Elliot Rausch’s Birth Pangs shows America in a bleak light, but leaves a message of enduring hope

Not so many of us have a very optimistic view of the future these days. Everyday news breaks that seem to take us further towards dystopian worlds we’ve only read about in novels like The Handmaid’s Tale or 1984. Holding up a mirror to our world, LA-based director Eliot Rausch’s latest film, Birth Pangs, takes a look at historically marginalised communities in the US and the impacts that rapid globalisation has had on our world.

Beginning with the sound of a ticking clock, we see shots of life on a Native American reservation. An elder tells a young girl:

“In a little while, you won’t see me no more. And after a while, you will see me again. Earth will be shaken a third time. Things will get faster and you won’t be able to catch up. Grandchildren won’t have time for their grandparents.

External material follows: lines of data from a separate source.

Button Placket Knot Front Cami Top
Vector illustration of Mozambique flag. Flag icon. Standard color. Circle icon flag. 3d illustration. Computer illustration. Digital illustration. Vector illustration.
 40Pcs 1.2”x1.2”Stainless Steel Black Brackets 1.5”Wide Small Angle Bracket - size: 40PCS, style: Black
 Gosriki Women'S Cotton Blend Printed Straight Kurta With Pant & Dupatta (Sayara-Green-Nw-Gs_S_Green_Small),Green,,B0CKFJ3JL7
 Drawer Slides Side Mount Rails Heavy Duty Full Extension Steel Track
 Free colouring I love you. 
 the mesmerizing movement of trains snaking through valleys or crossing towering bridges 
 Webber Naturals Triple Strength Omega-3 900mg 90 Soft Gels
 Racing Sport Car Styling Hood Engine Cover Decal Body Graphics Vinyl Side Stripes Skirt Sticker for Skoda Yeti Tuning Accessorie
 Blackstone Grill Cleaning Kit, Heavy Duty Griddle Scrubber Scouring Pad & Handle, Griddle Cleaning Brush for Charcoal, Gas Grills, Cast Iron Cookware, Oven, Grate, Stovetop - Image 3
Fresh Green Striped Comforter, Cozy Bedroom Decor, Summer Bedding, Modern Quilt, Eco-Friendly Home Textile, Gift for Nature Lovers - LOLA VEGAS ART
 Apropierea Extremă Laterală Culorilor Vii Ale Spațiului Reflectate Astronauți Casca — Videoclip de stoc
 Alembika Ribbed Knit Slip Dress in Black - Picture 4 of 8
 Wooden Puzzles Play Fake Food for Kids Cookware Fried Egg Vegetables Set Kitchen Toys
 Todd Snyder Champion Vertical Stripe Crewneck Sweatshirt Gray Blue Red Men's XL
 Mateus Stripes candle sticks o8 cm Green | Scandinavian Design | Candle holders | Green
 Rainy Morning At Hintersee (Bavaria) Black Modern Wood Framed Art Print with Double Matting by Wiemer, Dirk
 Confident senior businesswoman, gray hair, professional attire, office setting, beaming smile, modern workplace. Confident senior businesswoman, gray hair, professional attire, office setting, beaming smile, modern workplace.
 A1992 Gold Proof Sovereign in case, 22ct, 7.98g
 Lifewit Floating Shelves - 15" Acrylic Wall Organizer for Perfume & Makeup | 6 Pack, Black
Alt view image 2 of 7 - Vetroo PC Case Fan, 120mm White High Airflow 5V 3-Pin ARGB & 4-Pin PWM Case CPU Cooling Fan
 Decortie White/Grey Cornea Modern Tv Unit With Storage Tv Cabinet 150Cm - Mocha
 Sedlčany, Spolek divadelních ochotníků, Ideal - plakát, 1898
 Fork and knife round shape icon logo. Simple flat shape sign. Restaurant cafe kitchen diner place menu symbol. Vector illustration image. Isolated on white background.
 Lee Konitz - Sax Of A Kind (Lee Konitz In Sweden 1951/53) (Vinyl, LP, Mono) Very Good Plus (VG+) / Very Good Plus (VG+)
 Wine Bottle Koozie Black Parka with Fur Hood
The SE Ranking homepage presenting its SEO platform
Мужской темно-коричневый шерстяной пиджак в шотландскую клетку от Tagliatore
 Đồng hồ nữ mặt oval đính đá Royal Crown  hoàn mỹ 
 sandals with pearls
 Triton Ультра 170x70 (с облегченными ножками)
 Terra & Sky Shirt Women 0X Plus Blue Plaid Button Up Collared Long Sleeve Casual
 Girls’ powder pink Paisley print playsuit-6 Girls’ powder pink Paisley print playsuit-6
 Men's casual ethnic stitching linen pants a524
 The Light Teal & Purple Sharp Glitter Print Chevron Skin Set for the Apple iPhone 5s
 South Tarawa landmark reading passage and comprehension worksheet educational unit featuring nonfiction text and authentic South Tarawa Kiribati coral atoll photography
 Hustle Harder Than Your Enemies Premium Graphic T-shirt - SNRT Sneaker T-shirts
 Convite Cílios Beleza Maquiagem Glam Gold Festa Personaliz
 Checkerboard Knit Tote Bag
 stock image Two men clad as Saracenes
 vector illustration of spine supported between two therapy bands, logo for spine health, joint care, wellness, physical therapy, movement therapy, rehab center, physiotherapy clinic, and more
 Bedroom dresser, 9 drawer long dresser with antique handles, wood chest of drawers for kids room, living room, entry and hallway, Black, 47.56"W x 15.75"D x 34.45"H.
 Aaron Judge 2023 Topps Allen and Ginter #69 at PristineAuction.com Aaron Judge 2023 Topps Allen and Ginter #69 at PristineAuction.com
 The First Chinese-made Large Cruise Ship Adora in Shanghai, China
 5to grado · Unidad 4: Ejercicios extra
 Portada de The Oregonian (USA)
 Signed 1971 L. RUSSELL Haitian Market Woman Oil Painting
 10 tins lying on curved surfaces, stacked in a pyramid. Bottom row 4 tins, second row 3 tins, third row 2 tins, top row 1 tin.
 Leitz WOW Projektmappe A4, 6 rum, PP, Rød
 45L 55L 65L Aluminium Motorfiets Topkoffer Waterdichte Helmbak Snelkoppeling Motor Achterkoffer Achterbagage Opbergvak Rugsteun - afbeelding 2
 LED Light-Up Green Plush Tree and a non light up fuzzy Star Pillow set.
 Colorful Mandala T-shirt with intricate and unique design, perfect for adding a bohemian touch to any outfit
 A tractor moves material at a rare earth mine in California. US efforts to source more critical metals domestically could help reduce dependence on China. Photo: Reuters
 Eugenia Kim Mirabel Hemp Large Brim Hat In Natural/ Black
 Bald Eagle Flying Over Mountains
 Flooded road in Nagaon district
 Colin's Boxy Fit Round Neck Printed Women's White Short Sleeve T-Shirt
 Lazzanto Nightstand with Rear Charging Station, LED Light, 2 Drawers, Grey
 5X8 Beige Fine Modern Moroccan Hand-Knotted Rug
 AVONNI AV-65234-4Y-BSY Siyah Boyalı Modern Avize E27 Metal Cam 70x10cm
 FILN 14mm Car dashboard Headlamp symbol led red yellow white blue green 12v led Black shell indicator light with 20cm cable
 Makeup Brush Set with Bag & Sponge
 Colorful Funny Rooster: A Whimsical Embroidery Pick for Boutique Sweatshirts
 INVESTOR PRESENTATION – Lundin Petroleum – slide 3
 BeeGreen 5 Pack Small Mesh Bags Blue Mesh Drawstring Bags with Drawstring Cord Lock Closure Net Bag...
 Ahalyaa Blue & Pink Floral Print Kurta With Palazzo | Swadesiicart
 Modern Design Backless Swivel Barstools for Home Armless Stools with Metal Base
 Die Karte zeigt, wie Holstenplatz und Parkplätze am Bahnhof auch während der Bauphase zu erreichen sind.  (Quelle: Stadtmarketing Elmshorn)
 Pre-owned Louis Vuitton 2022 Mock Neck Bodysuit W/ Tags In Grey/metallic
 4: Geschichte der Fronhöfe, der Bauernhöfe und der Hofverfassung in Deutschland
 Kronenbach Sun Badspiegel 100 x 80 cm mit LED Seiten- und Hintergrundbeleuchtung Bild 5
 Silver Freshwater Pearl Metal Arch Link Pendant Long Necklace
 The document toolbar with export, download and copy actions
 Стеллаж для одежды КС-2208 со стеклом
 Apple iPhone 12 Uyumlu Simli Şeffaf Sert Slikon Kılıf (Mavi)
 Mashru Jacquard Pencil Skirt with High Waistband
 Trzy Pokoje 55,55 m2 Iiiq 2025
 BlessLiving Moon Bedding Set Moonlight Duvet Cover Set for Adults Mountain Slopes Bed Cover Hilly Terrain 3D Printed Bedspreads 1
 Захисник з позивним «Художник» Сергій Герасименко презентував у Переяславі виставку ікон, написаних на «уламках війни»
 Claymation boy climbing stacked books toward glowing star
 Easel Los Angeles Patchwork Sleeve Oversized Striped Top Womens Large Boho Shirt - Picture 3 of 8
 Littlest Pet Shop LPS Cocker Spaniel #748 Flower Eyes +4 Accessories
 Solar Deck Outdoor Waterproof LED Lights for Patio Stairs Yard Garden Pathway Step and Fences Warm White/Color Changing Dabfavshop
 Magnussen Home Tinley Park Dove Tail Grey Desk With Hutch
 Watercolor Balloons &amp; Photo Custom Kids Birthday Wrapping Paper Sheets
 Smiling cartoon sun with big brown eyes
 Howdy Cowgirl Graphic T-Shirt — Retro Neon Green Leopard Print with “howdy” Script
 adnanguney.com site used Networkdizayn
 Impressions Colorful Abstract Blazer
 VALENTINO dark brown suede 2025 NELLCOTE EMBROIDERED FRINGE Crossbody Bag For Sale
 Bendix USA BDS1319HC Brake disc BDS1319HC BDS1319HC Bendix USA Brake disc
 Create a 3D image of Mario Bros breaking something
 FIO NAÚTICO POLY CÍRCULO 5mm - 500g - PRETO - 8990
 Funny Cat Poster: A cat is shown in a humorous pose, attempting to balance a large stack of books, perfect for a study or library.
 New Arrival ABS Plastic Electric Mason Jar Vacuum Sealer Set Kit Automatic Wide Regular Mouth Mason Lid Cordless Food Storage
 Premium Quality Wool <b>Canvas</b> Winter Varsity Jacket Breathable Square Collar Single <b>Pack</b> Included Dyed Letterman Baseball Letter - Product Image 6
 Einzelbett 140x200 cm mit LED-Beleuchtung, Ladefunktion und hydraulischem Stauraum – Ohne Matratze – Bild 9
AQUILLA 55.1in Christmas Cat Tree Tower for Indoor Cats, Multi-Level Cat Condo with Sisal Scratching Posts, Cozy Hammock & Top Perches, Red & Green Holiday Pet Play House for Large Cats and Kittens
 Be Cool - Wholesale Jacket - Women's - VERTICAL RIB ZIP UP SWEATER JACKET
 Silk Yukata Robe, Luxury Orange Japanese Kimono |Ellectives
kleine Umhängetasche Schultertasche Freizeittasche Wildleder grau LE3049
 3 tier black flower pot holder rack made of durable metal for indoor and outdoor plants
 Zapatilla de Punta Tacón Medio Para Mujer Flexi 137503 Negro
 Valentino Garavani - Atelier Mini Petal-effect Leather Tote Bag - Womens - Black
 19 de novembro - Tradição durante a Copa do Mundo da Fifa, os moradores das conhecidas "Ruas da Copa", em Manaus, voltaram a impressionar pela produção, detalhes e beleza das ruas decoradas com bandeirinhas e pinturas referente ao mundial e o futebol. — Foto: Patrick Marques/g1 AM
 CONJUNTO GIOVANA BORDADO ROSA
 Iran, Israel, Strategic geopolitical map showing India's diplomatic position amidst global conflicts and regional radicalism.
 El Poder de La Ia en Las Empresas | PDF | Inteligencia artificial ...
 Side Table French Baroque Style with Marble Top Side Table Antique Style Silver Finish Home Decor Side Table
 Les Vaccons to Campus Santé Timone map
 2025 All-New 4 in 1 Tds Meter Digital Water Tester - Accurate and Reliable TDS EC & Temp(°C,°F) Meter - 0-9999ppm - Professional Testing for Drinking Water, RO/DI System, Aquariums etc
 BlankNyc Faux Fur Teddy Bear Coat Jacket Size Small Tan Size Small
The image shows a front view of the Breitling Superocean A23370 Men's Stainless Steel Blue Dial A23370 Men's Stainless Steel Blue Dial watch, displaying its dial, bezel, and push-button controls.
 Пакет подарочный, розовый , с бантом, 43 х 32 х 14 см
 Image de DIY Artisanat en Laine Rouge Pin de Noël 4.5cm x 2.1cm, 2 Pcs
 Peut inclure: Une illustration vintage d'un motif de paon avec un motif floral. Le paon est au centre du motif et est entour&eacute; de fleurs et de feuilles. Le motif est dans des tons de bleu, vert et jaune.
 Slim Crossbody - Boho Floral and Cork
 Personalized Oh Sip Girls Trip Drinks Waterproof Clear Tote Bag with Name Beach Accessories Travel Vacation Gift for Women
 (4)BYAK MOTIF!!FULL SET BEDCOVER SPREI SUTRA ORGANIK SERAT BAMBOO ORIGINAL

Parents won’t have time for their children. Nations will rise against nations. Brothers and sisters against one another. But don’t be afraid. Behind the veil are the beginnings of birth pangs. You will enter their world and reach them. And their reflection.“

It’s a message that although seems bleak, breeds hope, a theme that is continued throughout the film.

“Are we at the end of the world, a last gasp of the collective ego, a human race finally confronting its demise? Birth Pangs has no answers...The film is a mirror of sorts, reflecting and revealing our most clever and cunning shadow” – Eliot Rausch

The film goes on to show a Native American mother leaving her family behind, their home totally decimated. She is taken away against the backdrop of fire ripping through the land she leaves behind.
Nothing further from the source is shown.